Exercise description >> Look below for the line with "Macro of the", then repeat it and all lines after it, exactly, minus any pictures.

Data block >>
---+---

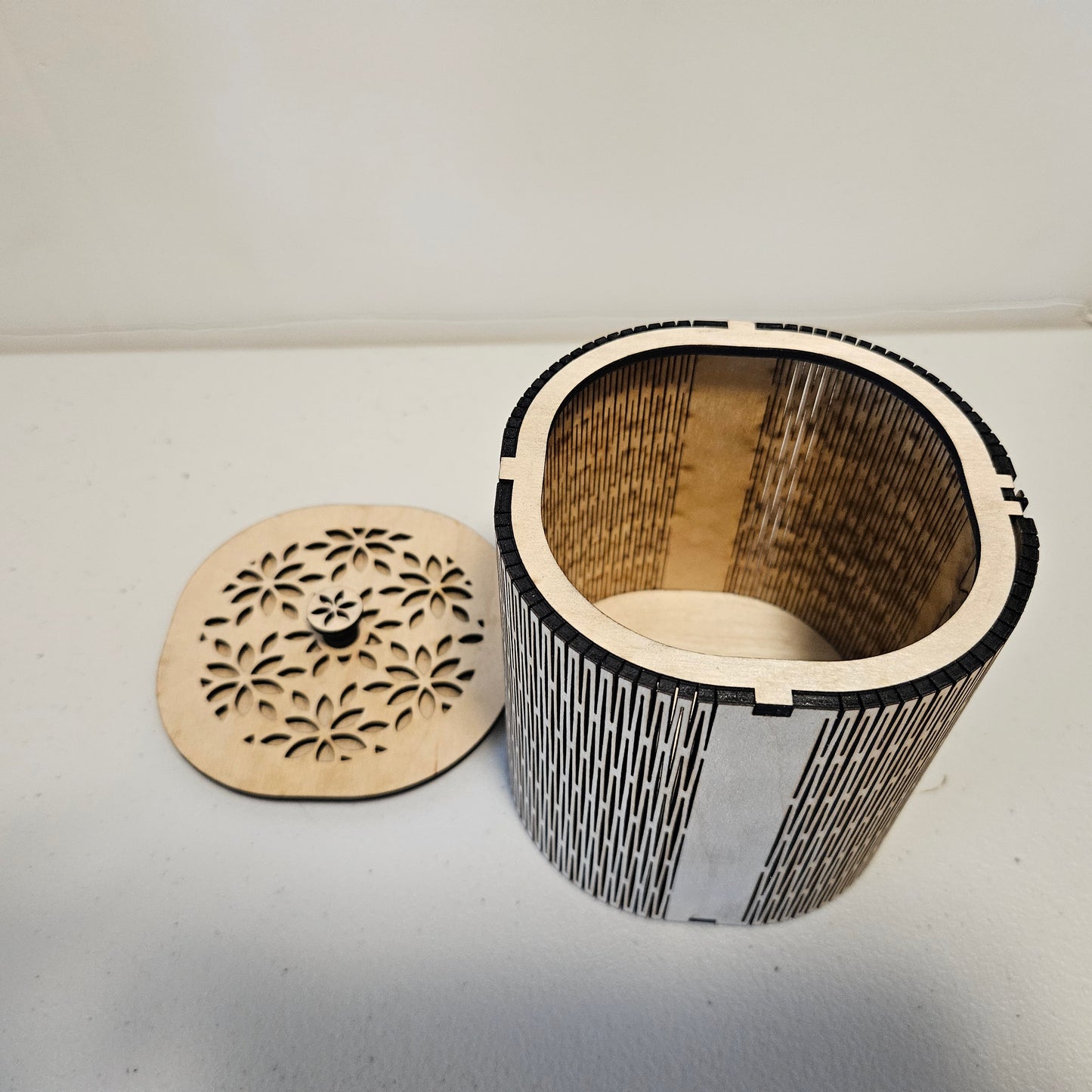 Rounded square wooden box with a flower pattern design cut out of the top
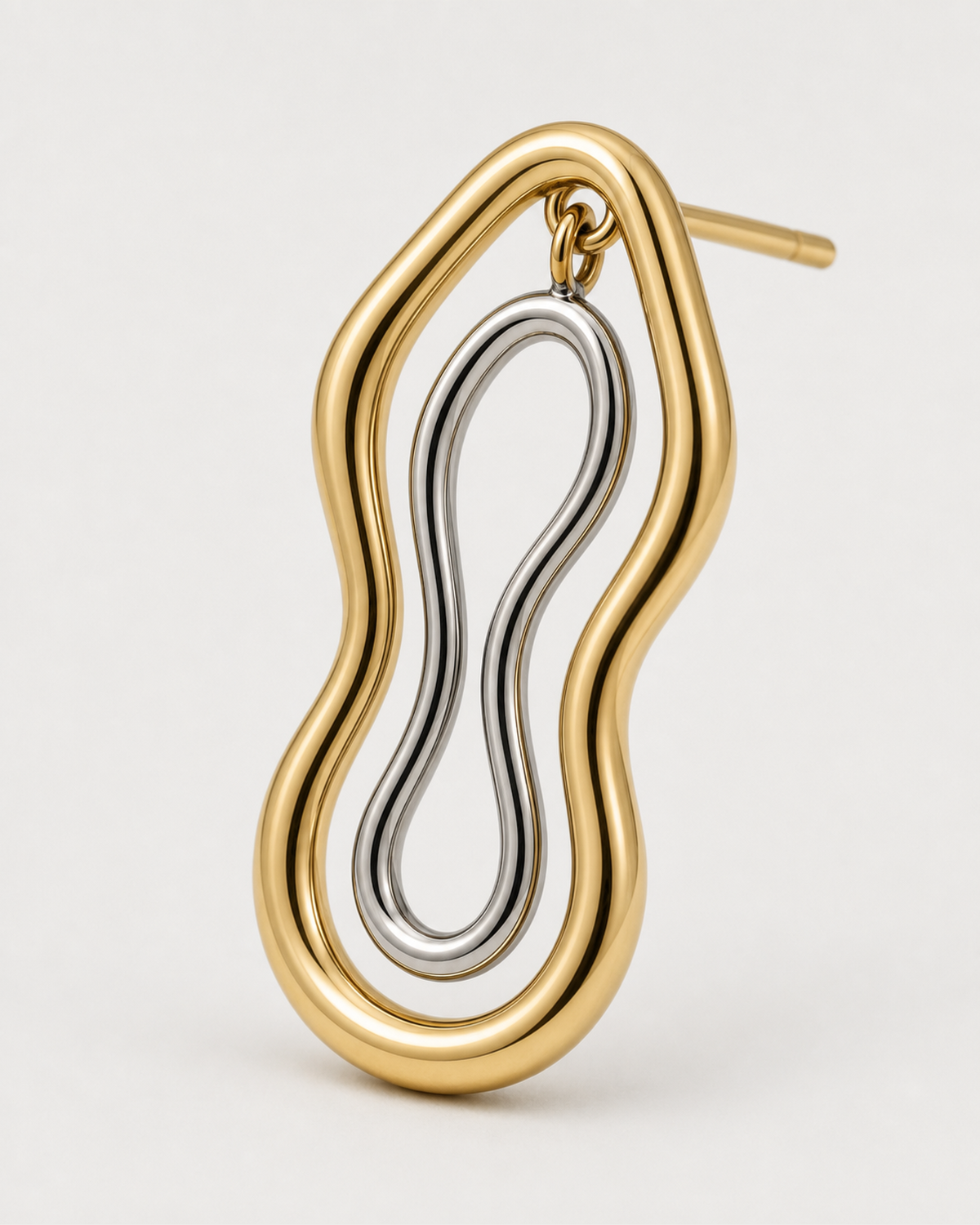 Macro of the Nysa gold open frame and suspended silver figure-eight insert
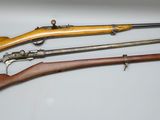 trois types d'armes à feu sont exposés sur une surface blanche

---+---

Written reply >>
 Macro of the Nysa gold open frame and suspended silver figure-eight insert
 trois types d'armes à feu sont exposés sur une surface blanche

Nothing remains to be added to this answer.